**TASK INPUTS:**
>>>

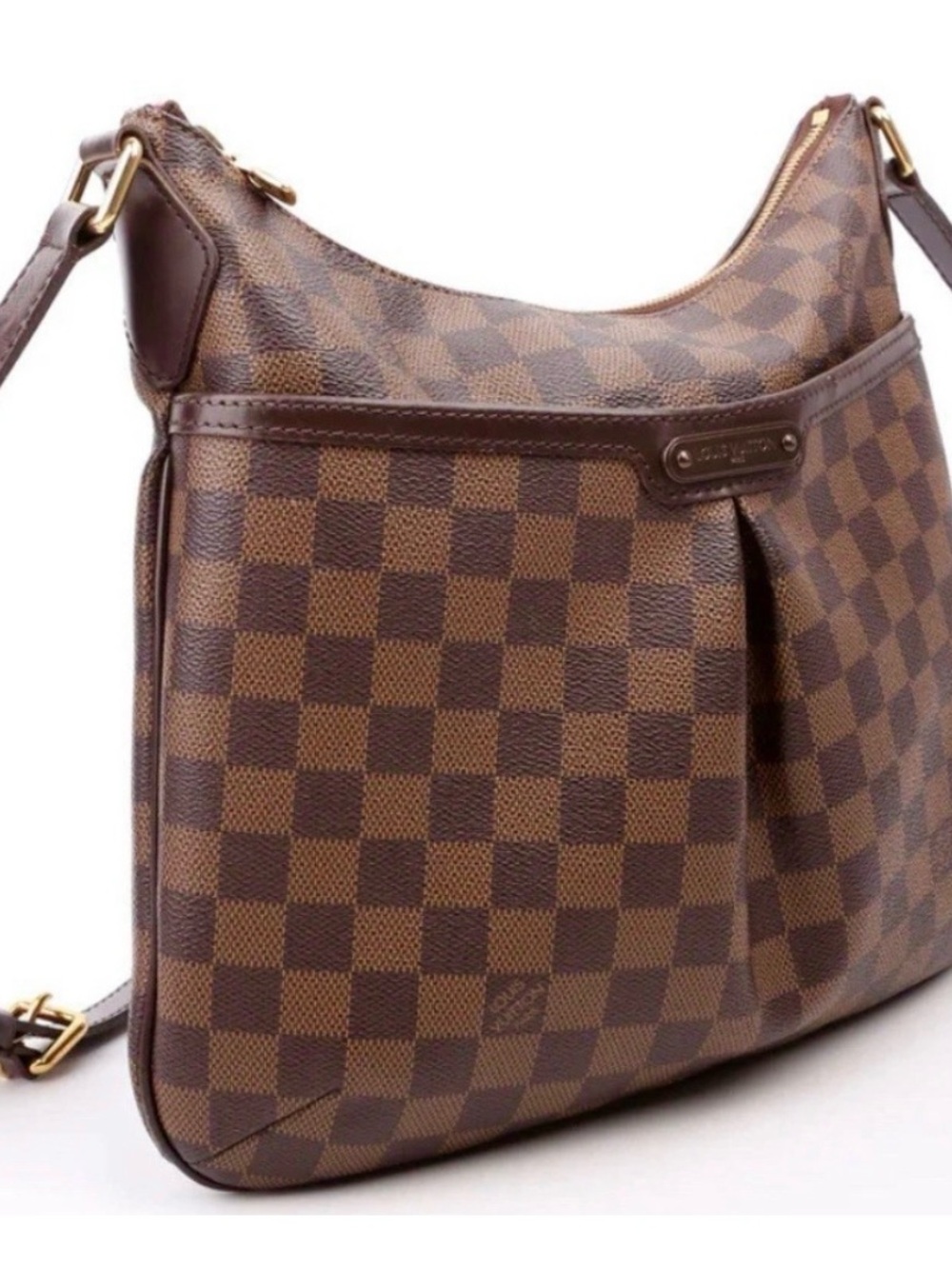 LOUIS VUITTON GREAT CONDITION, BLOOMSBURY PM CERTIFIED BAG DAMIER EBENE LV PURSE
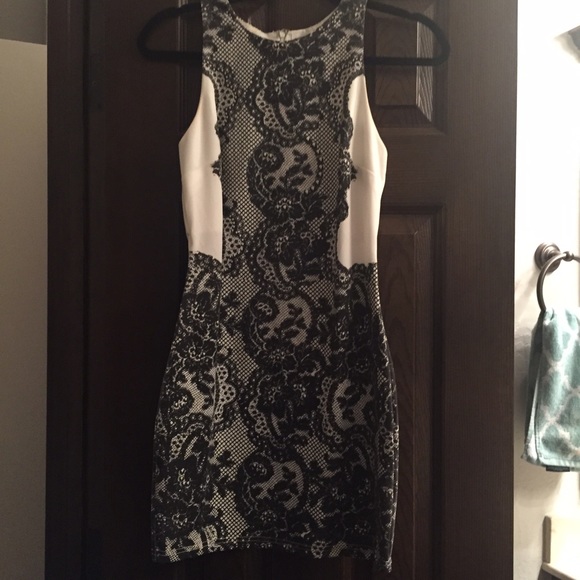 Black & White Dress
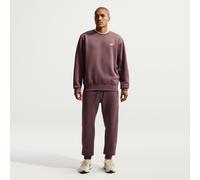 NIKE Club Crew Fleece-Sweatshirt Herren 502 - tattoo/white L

<<<
>>>

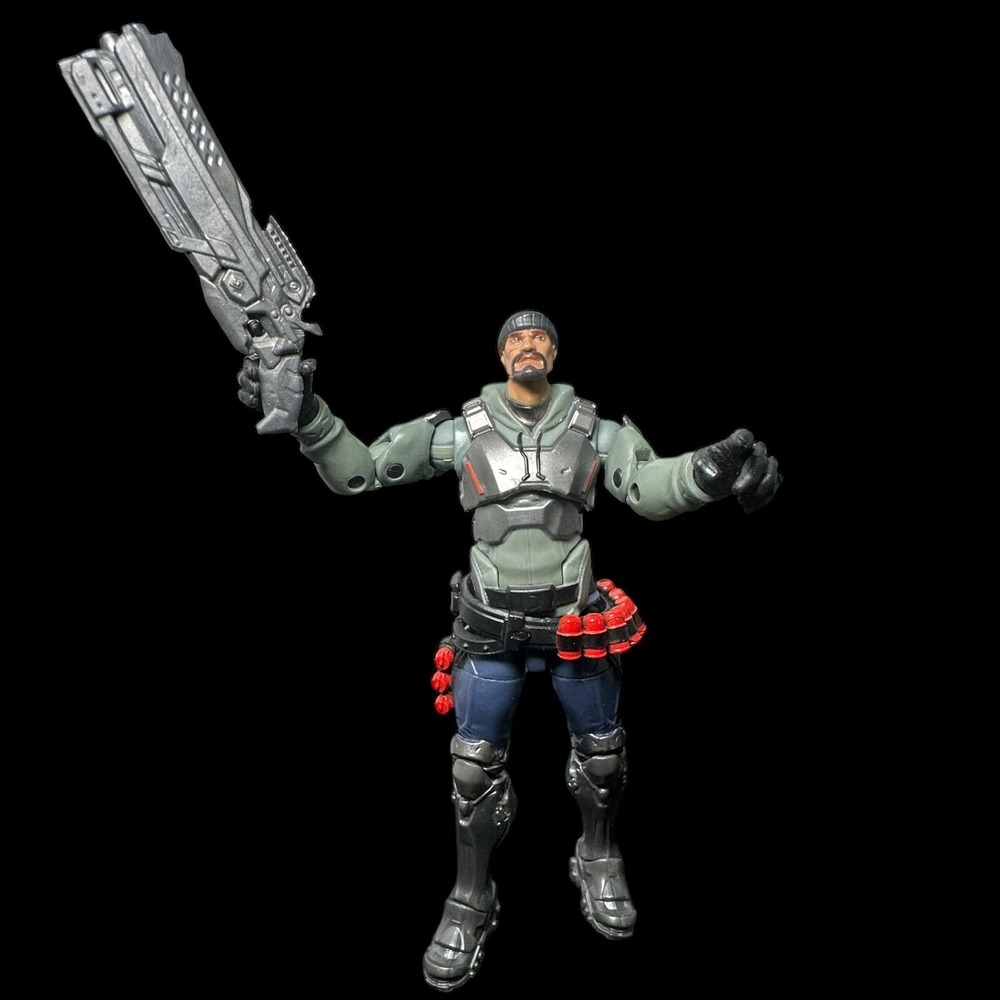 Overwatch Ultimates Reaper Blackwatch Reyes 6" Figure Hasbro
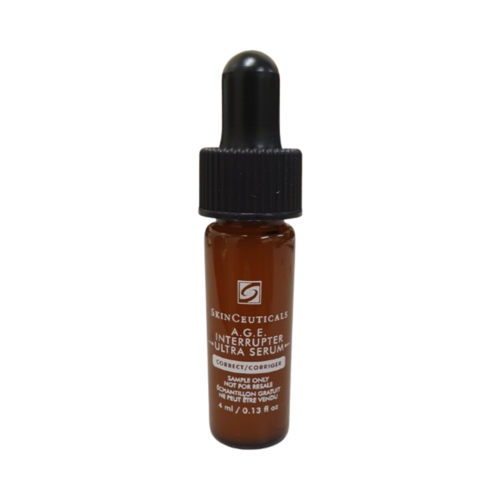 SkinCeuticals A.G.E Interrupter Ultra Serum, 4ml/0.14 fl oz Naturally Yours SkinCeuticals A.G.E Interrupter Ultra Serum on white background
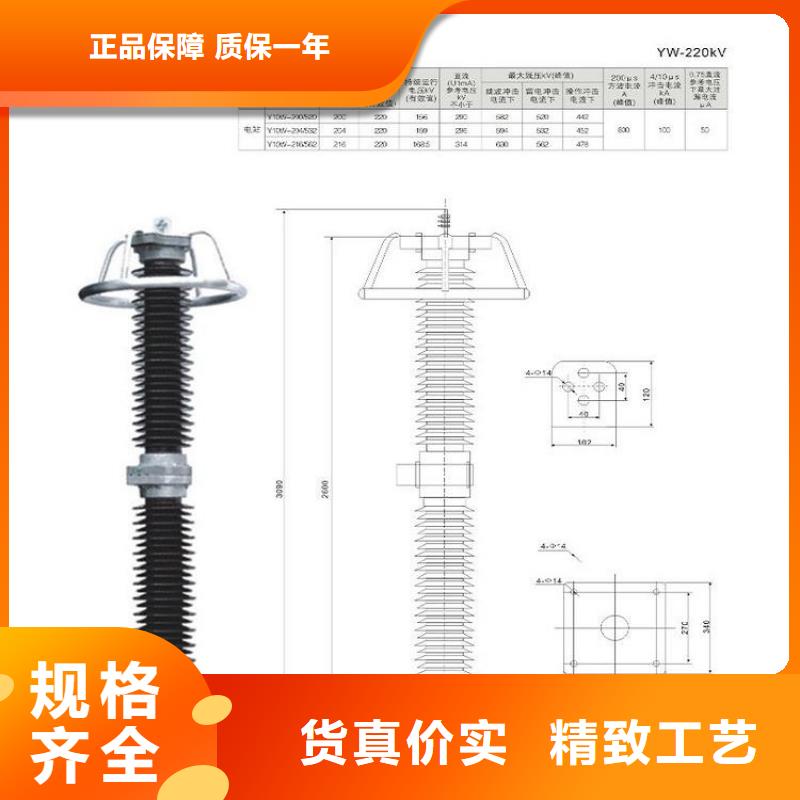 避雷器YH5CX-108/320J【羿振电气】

<<<
>>>

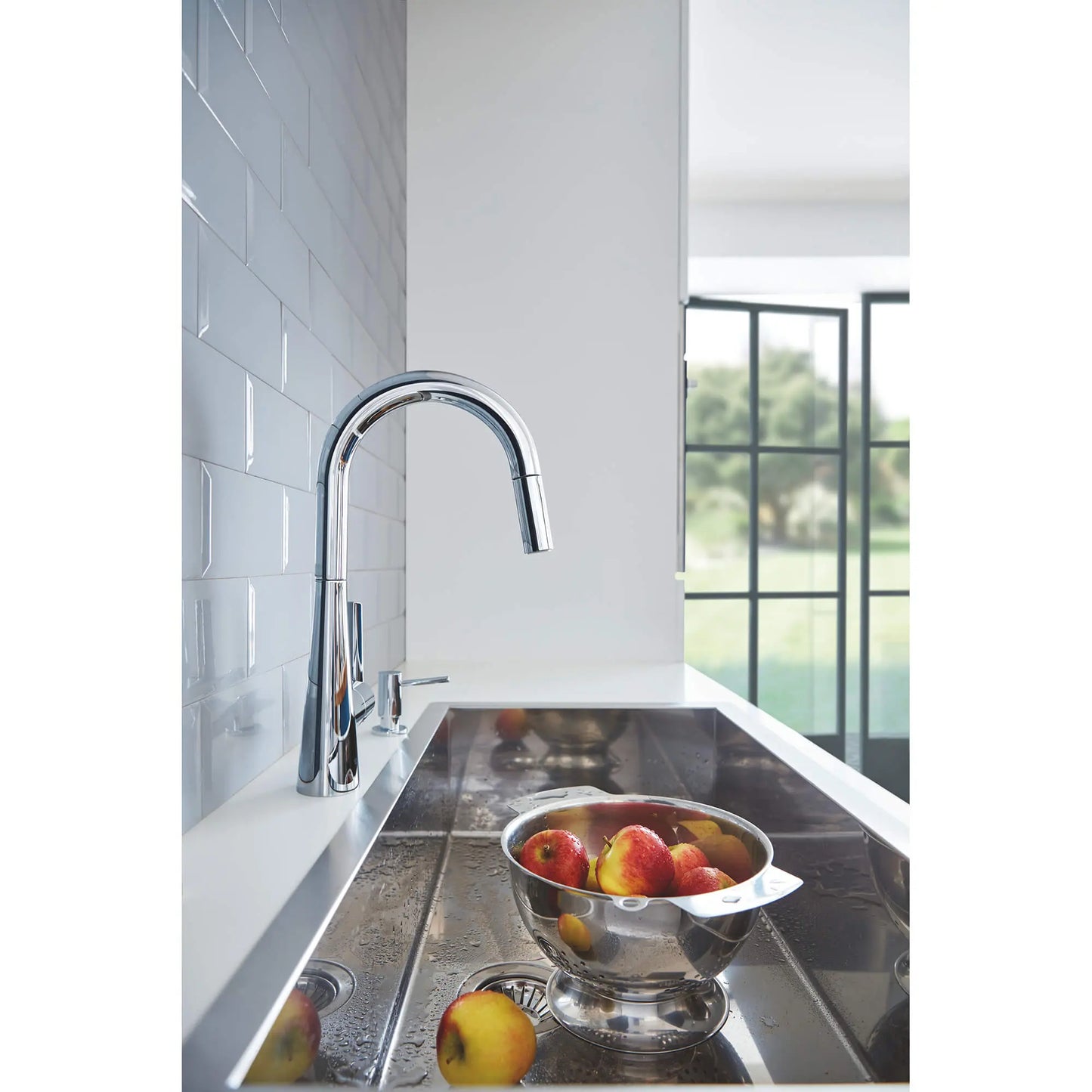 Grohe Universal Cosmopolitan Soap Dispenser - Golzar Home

<<<

**TASK ITEM:** Print nothing except the lines above from the one containing "Overwatch Ultimates Reaper" down to the one containing "避雷器YH5CX-108/320J【羿振电气】", both included, exactly as written and free of pictures.

**SOLUTION TO THIS PROBLEM:**
 Overwatch Ultimates Reaper Blackwatch Reyes 6" Figure Hasbro
 SkinCeuticals A.G.E Interrupter Ultra Serum, 4ml/0.14 fl oz Naturally Yours SkinCeuticals A.G.E Interrupter Ultra Serum on white background
 避雷器YH5CX-108/320J【羿振电气】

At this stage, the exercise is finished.